Lo and behold, it appears as if Red Lobster is now acknowledging that these critics may have been on to something. Less than a year after the four-table policy was launched, the company announced it is reversing the decision, and waitstaff will go back to serving three tables at a time. A Red Lobster spokesperson told the Orlando Sentinel that while some customers liked the four-table policy, once it was introduced around the country, “far more folks told us that in some instances, it really turned out to be a barrier to providing that great guest experience.”
If anything, the new policies only hurt sales, which have been sinking at the old-fashioned sit-down chain for months. It’s unclear how much the chain managed to shave off in employee wages during this experiment in efficiency. But obviously it wasn’t enough to justify the damage it was doing to the customer experience.
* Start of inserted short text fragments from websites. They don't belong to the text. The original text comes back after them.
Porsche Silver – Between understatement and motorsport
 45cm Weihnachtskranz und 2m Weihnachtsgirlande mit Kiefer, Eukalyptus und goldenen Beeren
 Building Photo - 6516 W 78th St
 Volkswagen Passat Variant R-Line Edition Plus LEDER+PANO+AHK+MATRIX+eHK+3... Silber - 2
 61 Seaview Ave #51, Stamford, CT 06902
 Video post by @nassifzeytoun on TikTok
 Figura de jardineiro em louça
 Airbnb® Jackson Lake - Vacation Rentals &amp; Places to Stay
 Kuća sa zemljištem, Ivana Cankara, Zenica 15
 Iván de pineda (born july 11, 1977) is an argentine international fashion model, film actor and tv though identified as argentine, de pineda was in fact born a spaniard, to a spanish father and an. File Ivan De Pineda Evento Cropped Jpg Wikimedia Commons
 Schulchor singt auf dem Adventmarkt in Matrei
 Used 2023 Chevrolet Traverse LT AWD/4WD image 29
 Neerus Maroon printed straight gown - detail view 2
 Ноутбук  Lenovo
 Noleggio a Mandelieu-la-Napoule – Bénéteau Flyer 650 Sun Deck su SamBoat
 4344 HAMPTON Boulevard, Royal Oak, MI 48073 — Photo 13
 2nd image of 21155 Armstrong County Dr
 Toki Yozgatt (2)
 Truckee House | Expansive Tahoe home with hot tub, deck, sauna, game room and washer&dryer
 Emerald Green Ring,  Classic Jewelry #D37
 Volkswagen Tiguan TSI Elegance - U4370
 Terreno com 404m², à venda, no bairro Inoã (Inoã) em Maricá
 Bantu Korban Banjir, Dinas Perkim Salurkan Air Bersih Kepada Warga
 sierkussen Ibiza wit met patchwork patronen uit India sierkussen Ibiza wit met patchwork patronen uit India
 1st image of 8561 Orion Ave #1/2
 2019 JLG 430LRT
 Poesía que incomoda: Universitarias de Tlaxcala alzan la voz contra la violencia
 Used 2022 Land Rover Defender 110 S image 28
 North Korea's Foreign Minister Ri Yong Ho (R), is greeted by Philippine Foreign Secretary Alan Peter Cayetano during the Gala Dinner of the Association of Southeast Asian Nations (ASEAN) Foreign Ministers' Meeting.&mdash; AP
Red Lobster is hardly the only national company that could be doing internal damage by asking too much of employees, or by just not hiring enough of them. In recent months, a series of stories in Bloomberg and other outlets has been chronicling Walmart’s problems with empty shelves in stores around the nation. Customers and Walmart employees alike are making the case that store managers keep staffing levels too low to restock shelves while also manning cash registers and tending to other duties. The result is often a backlog of merchandise in the back of stores, empty shelves and long lines — all of which are bad for business.

In early April, workers at fast-food chains such as McDonald’s, Burger King, KFC and Domino’s Pizza held public demonstrations across New York City in protest of poor wages. Not long after that, the Wall Street Journal revealed that in a webcast held for McDonald’s franchise owners, a company executive admitted that “service is broken” at restaurant locations, with an increase in complaints about the speed of service and “rude or unprofessional employees.”
While JCPenney in the Ron Johnson era has faced many self-inflicted problems — most obviously alienating its coupon-loving core customers — many observers have also pointed out that the fading department store has been abandoned by shoppers because there just aren’t enough workers to offer customer assistance. The retailer reportedly laid off more than 40,000 workers in 2012.
The Los Angeles Times recently explored the idea that because of continued high unemployment and the increasingly competitive nature of the business world, employees will be expected to do more and get less (including less security) indefinitely:
‘Wages are stagnant, jobs are less secure, work is more intense — it’s a much tougher world,’ said Paul Osterman, co-director of the MIT Sloan Institute for Work and Employment Research. ‘Employers have become much more aggressive about restructuring work in ways that push for higher levels of productivity.’

One of Osterman’s MIT colleagues, Zeynep Ton in the Sloan School of Management, explained to the Atlantic that many businesses “start with this philosophy of seeing employees as a cost to be minimized.” That, in turn, can lead to understaffing, high employee turnover, poor customer experience and dwindling sales. On the other hand, Ton pointed to stores such as Trader Joe’s, QuickTrip and Costco, which “start with the mentality of seeing employees as assets to be maximized.” They pay employees higher wages and offer better benefits than their competitors, and it appears to be money well spent, with higher sales per square foot of retail space.
Sound like pretty efficient operations.